And because most aspects of the Counter Culture had to do with politics reasonably well to the left, the practitioners of the various movements were labeled misfits, deadbeats, malcontents and the newest and most lasting one for the period; Hippies.

Hippie was a nice blanket classification for anyone who questioned the previous status quo in social/political/artistic behavior. Hippie came to be associated with shiftless, lazy, unmotivated, perverted, hirsute to the extreme and manipulative. It was also a movement that was officially pronounced dead at the end of summer 1967.

But when mainstream media began looking at this Counter Culture phenomenon after the fact, they did it with a certain jaundiced eye geared to the sensational. And as anything that starts off as a small independent movement and gains popularity, it inevitably gets into the mainstream (usually after the fact when it morphs into a life of its own) and that's when the trouble starts. And as is always the case, the initial motivators behind this and other movements either faded away, wound up in jail or on the run or were co-opted by the malcontents, agenda-grinders and grandstanders and turned into a quasi-profitable lifestyle. So what began as a serious questioning of social mores became a free-for-all and disintegrated, certainly by the end of 1969. Some say 1968. My feeling has always pinpointed it around Altamont (but that's just me).

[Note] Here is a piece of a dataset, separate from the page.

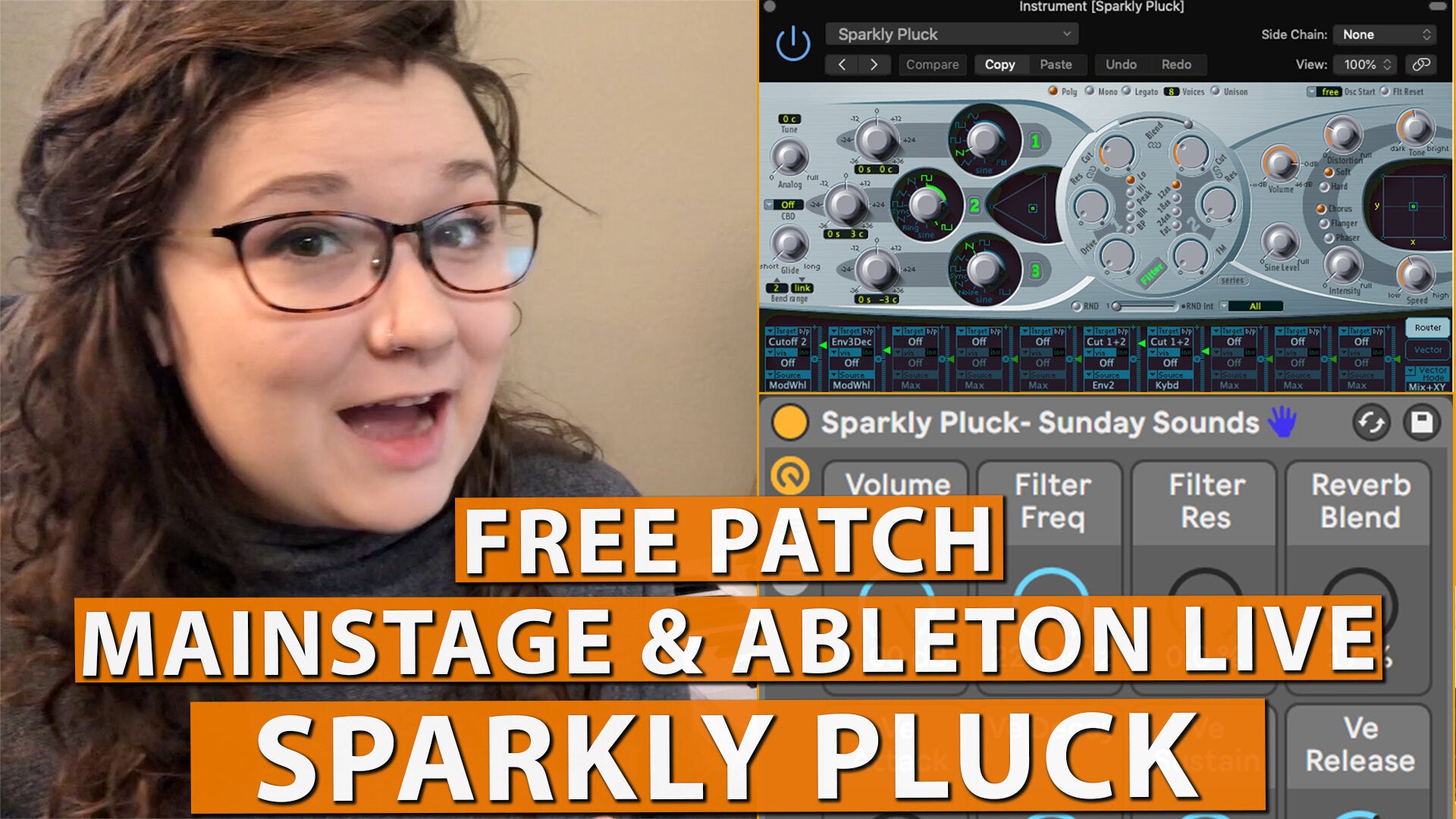 Free MainStage & Ableton Worship Patch! - Sparkly Pluck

But in November of 1967 the media were still very curious about it all and WNEW in New York ran a documentary/essay called A Child Again where a nineteen year old girl named "Marcy" was interviewed and asked about her lifestyle and her choices.

Today it may sound quaint and somewhat naive, as does a lot of history when you look back at it. At the time though, Marcy represented every parent's nightmare. And truths to tell, they had a lot to spend sleepless nights over. But that's the stuff of youth and every generation has it since the beginning of time.

And Marcy and her love of Speed and Alice In Wonderland was ours.

Oh, and if you're curious about the music bed that plays in the background, it's Jefferson Airplane off Surrealistic Pillow - in case you were driving yourself crazy wondering.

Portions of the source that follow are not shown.